Rwanda genocide suspect arrested

KAMPALA (Reuters) - Police in Uganda have arrested one of the most wanted suspects from Rwandas 1994 genocide, Idelphonse Nizeyimana, a senior police source said Tuesday. Nizeyimana, a former army captain and senior intelligence officer, had entered Uganda from Democratic Republic of Congo on October 1 and was detained in Kampala Monday, the source said. He had been extradited to Arusha, northern Tanzania, to the International Criminal Tribunal for Rwanda (ICTR), he said. ICTR officials did not immediately confirm the news. Nizeyimana was among the dozen most wanted suspects sought by the UN court over the genocide in which about 800,000 ethnic Tutsis and politically moderate Hutus were killed. The US had offered a $5 million reward for his capture. He is charged by the ICTR with genocide, complicity in genocide, and direct and public incitement to commit genocide.
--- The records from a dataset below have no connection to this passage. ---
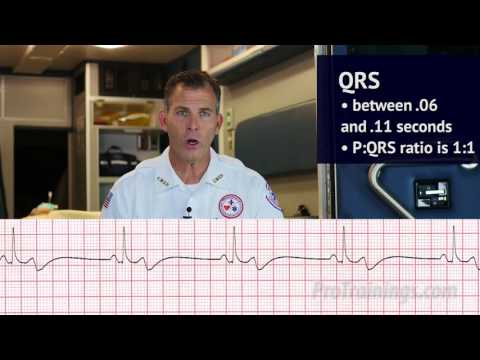 Bradycardia (ECG Rhythm Interpretation)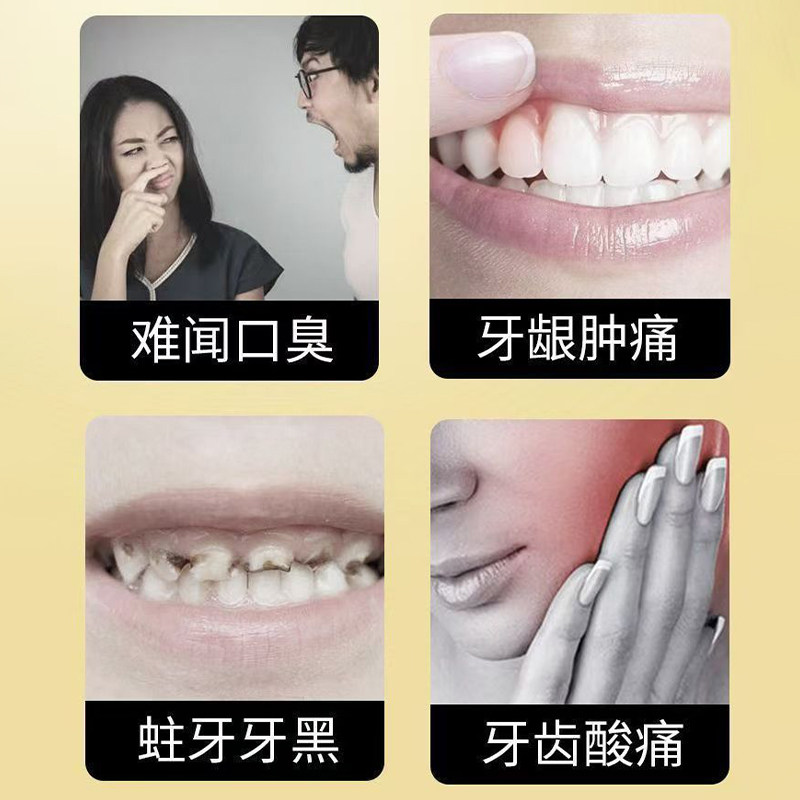 蜂毒牙膏亮白去黄去口气去牙渍焱清清新口气保护牙龈口腔护理牙膏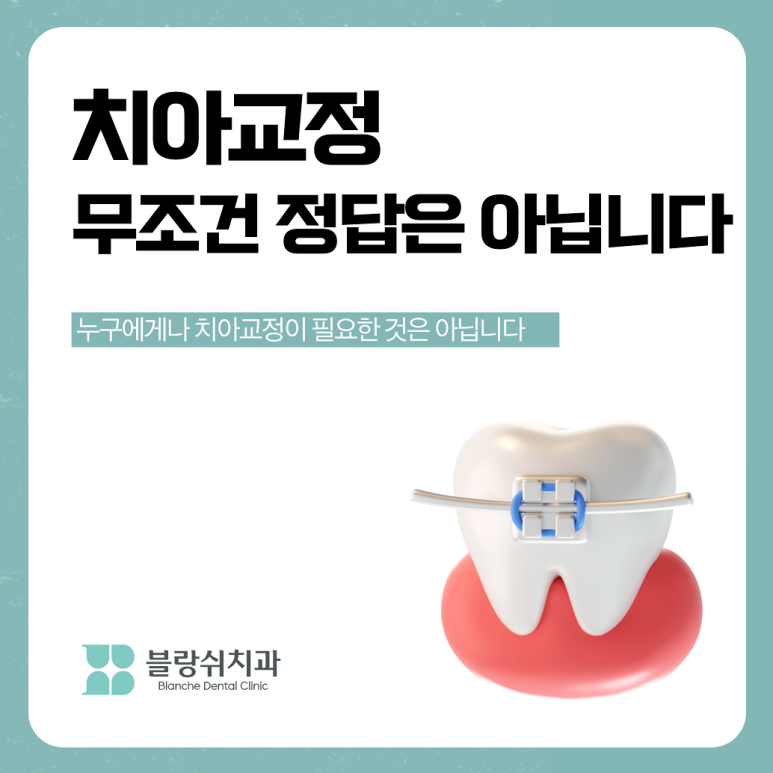 압구정 치아교정 무조건 정답은 아닙니다 관련 이미지 1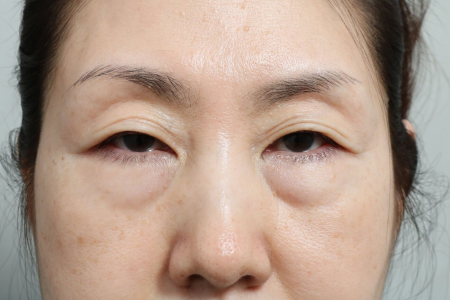 Before — RUBY Plastic Surgery
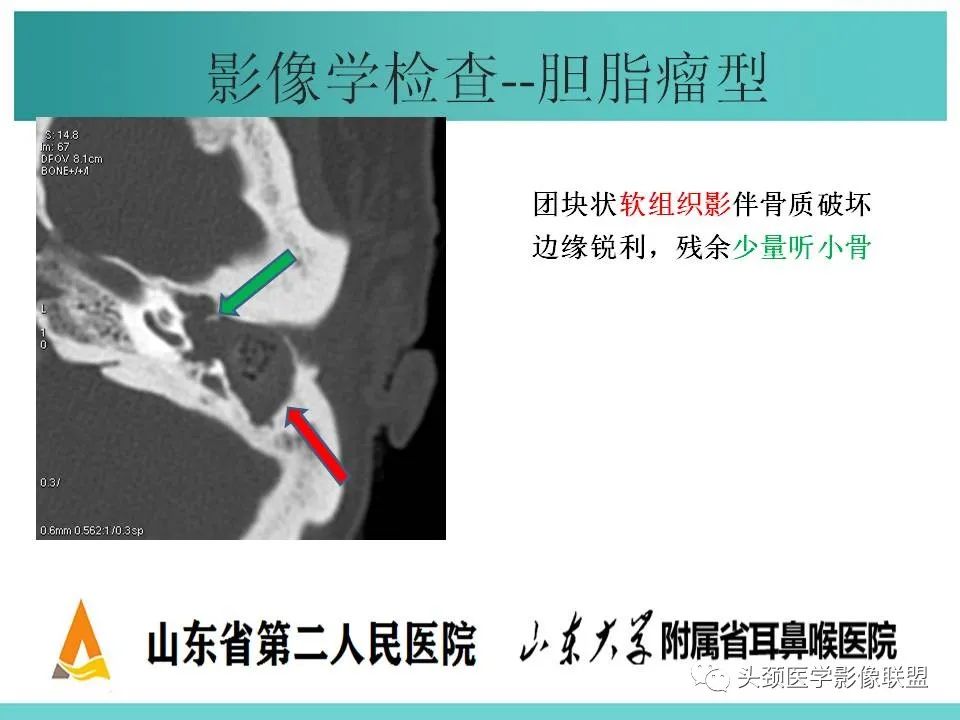 影像PPT - 【PPT】慢性中耳乳突炎-49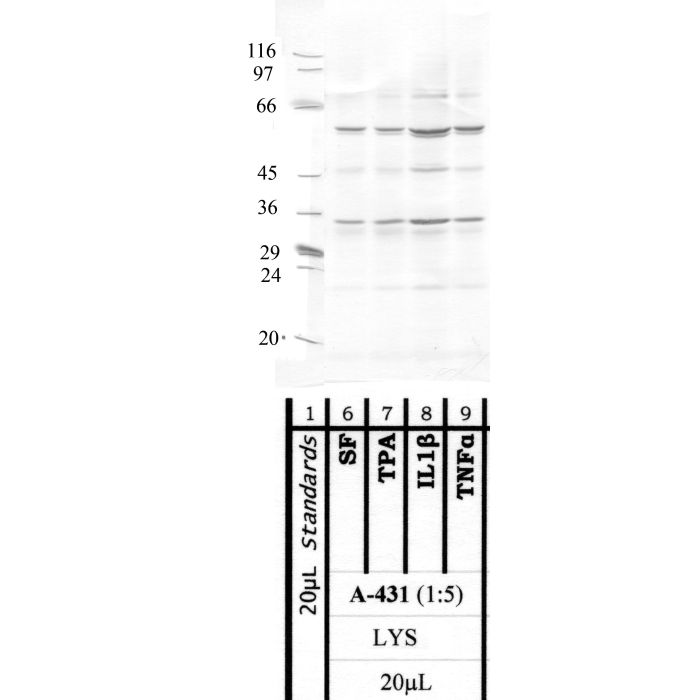 MMP-25: Hinge region — WB validation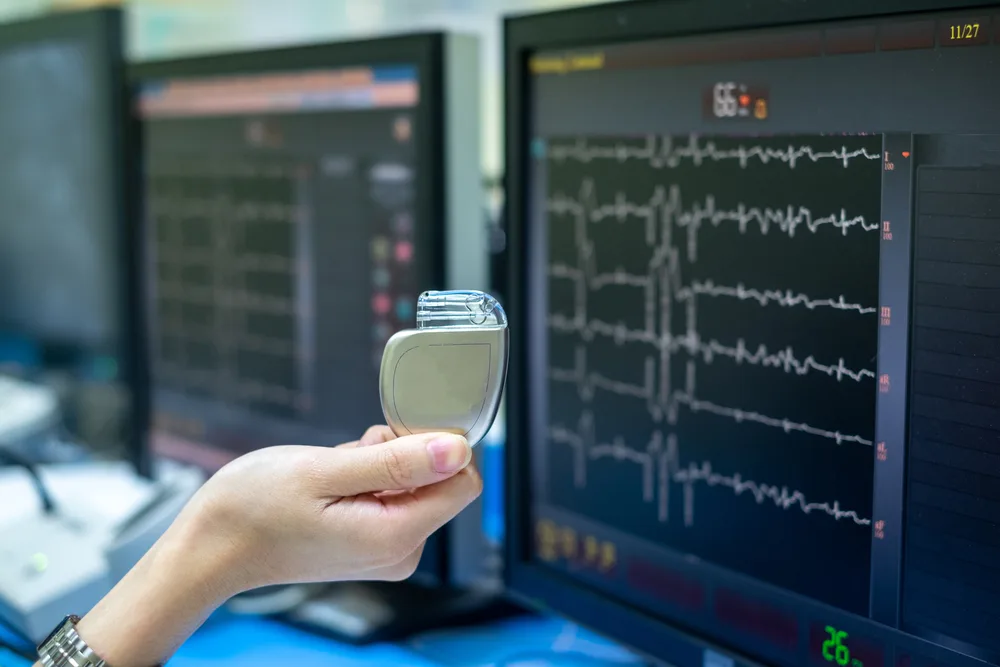 Doctor discussing pacemaker insertion compared to implantable defibrillators with a potential patient.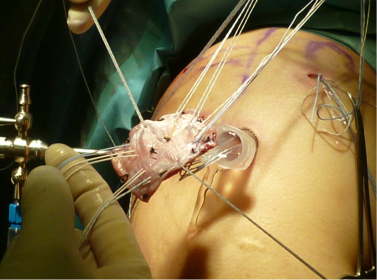 主な肩関節鏡手術 | 肩関節鏡手術の職人 鈴木隆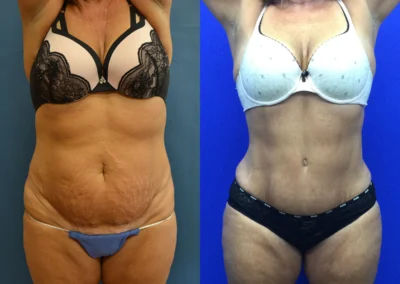 Tummy Tuck before and after photos by Cabbabe Plastic Surgery in Saint Louis, MO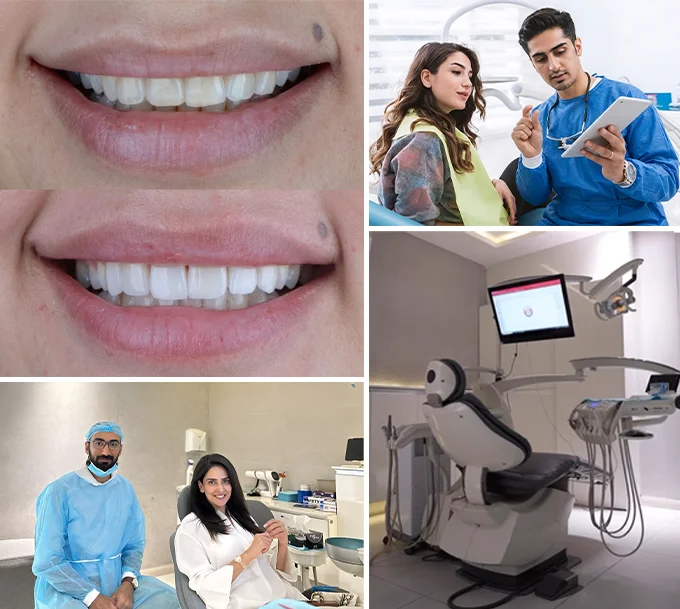 Why Patients Trust Teeth & Gums for Dry Mouth Treatment Why Patients Trust Teeth & Gums for Dry Mouth Treatment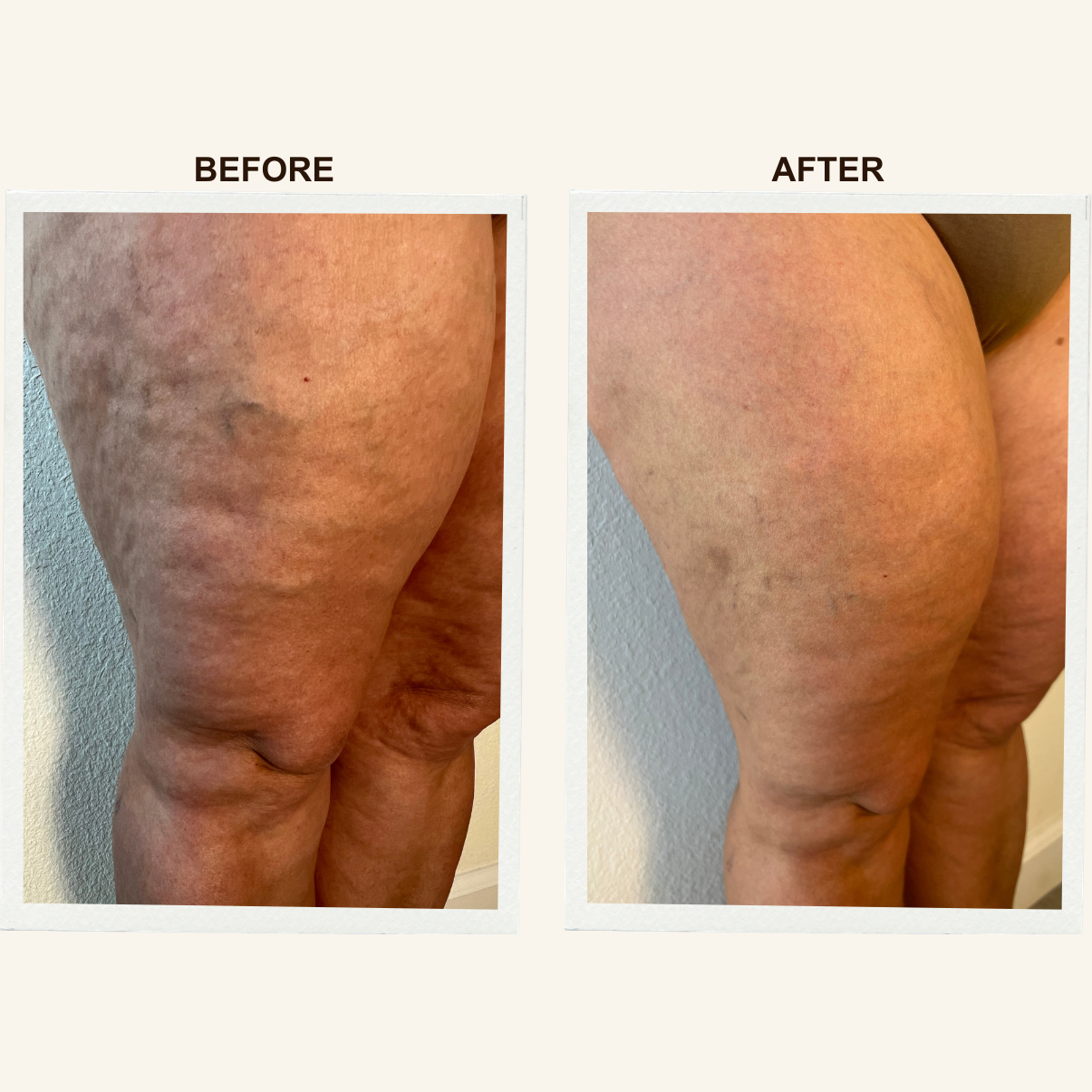 Client results after a Sculpting Lymphatic Massage session at KIKOSPA.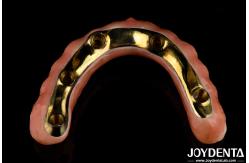 China Natural Teeth And Gums Compatible Ti-Bar Zirconia Hybrid Bridge With High Biocompatibility supplier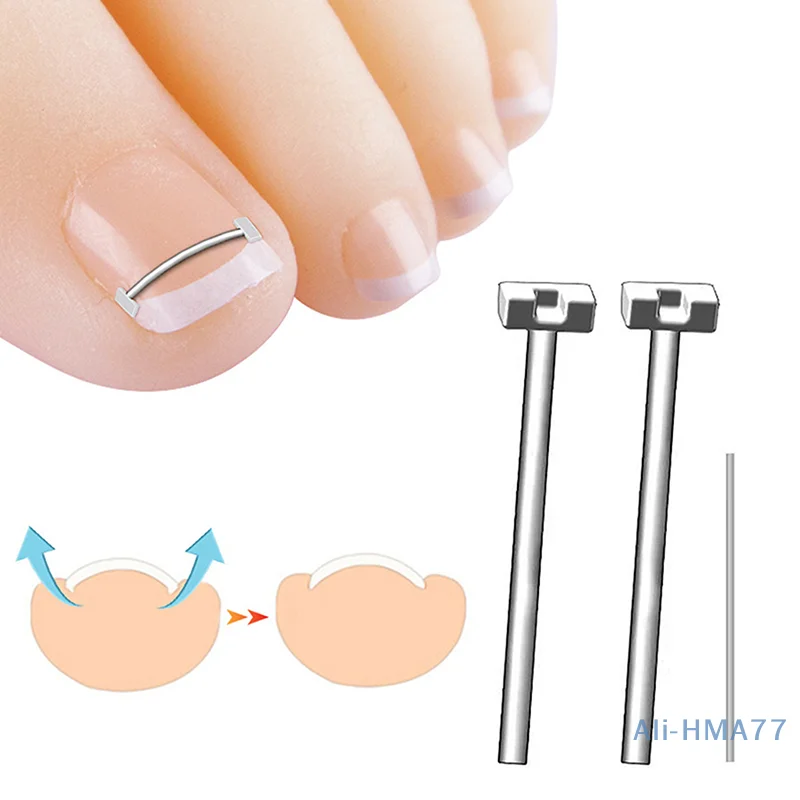 Professional Ingrown Toenail Correction Foot Care Tool Ingrown Toenail Corrector Tools Pedicure Recover Embed Toe Nail Treatment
The tribunal says Nizeyimana and others prepared lists of Tutsi intellectuals and those in authority before handing the lists to troops and militia who then killed them. He is also accused of setting up roadblocks where Tutsis were slaughtered, and of providing weapons and transport to militia in the knowledge they were being used for attacks. Rwandas government, which says Nizeyimana was the main organizer of the genocide in the southern province of Butare, says he has spent the 15 years since the slaughter fighting for a Hutu rebel group in the forests of neighbouring eastern Congo.